--- Exercise instructions ---
Give again, word for word, the lines below that run from the line with "Acomodação com café" through the line with "Michael Kors Nwt". Drop the pictures.

── Stored data

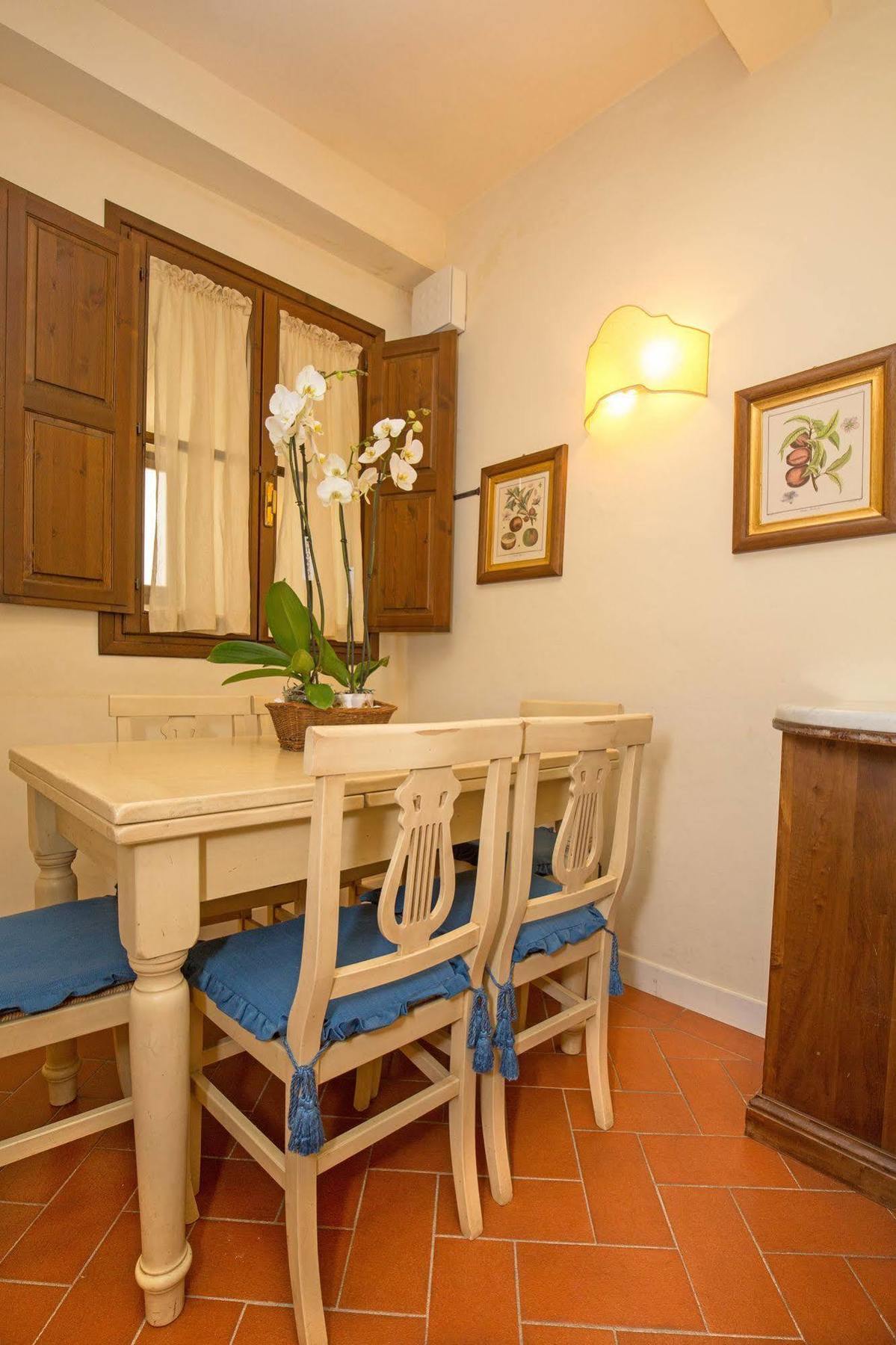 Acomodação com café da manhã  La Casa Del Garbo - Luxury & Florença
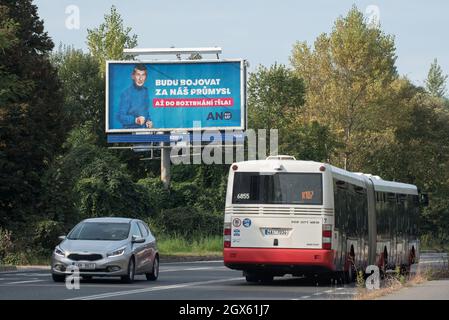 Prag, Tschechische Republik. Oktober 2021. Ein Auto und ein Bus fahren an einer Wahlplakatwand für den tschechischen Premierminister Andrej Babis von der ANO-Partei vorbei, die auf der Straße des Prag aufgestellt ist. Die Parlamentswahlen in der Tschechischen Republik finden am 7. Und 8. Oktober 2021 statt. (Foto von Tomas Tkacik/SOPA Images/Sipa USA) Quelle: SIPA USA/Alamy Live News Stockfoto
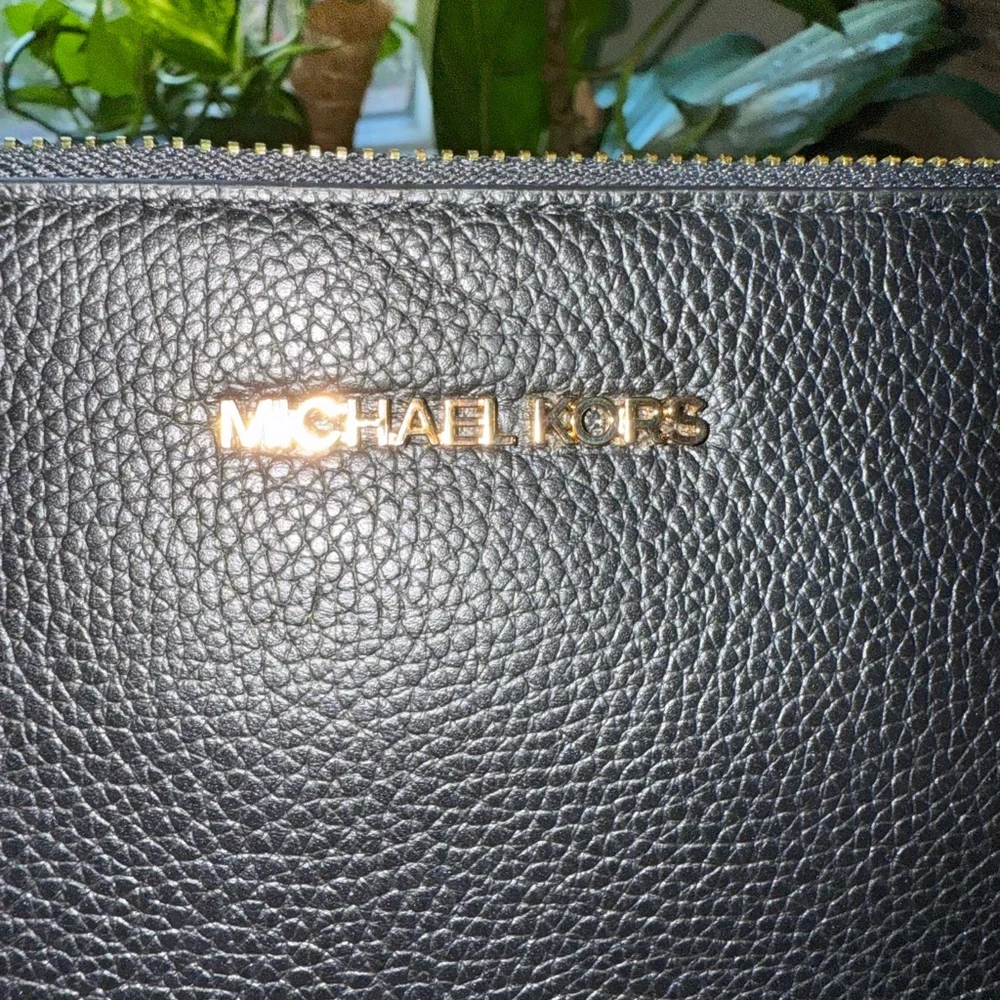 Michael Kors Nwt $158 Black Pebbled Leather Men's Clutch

────
── Stored data

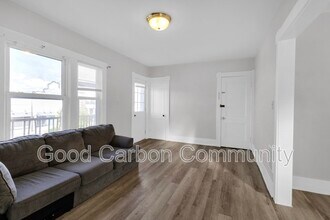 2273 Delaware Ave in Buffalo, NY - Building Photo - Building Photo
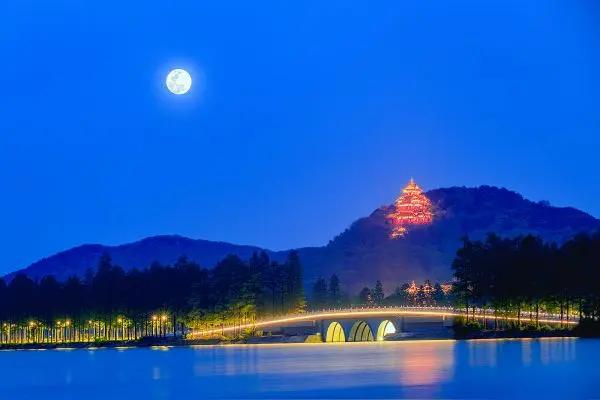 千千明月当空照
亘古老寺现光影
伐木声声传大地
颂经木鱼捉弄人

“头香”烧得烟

────
── Stored data

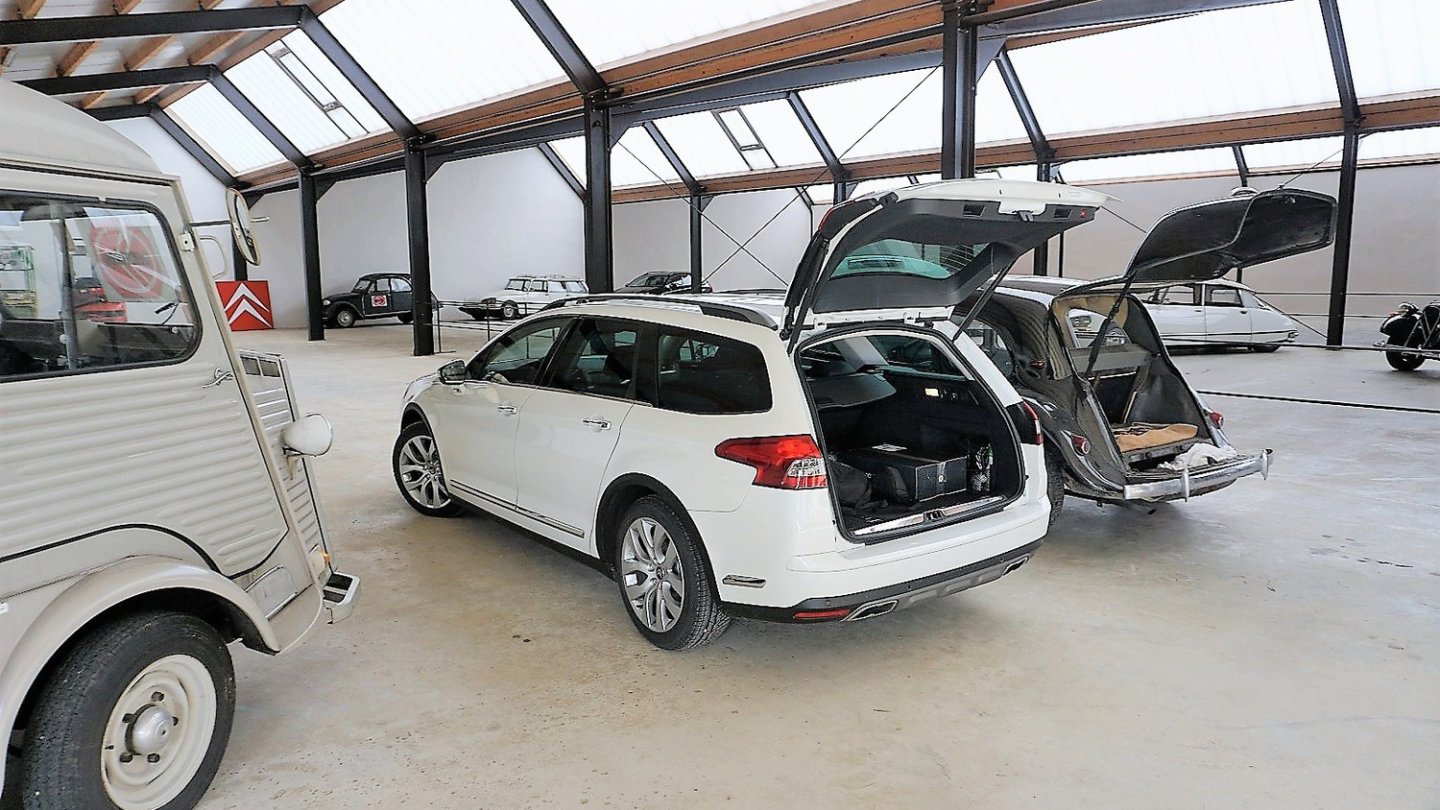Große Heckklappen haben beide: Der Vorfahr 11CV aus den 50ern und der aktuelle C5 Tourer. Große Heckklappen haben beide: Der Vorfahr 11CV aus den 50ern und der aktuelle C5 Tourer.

────

--- Exercise output ---
 Acomodação com café da manhã  La Casa Del Garbo - Luxury & Florença
 Prag, Tschechische Republik. Oktober 2021. Ein Auto und ein Bus fahren an einer Wahlplakatwand für den tschechischen Premierminister Andrej Babis von der ANO-Partei vorbei, die auf der Straße des Prag aufgestellt ist. Die Parlamentswahlen in der Tschechischen Republik finden am 7. Und 8. Oktober 2021 statt. (Foto von Tomas Tkacik/SOPA Images/Sipa USA) Quelle: SIPA USA/Alamy Live News Stockfoto
 Michael Kors Nwt $158 Black Pebbled Leather Men's Clutch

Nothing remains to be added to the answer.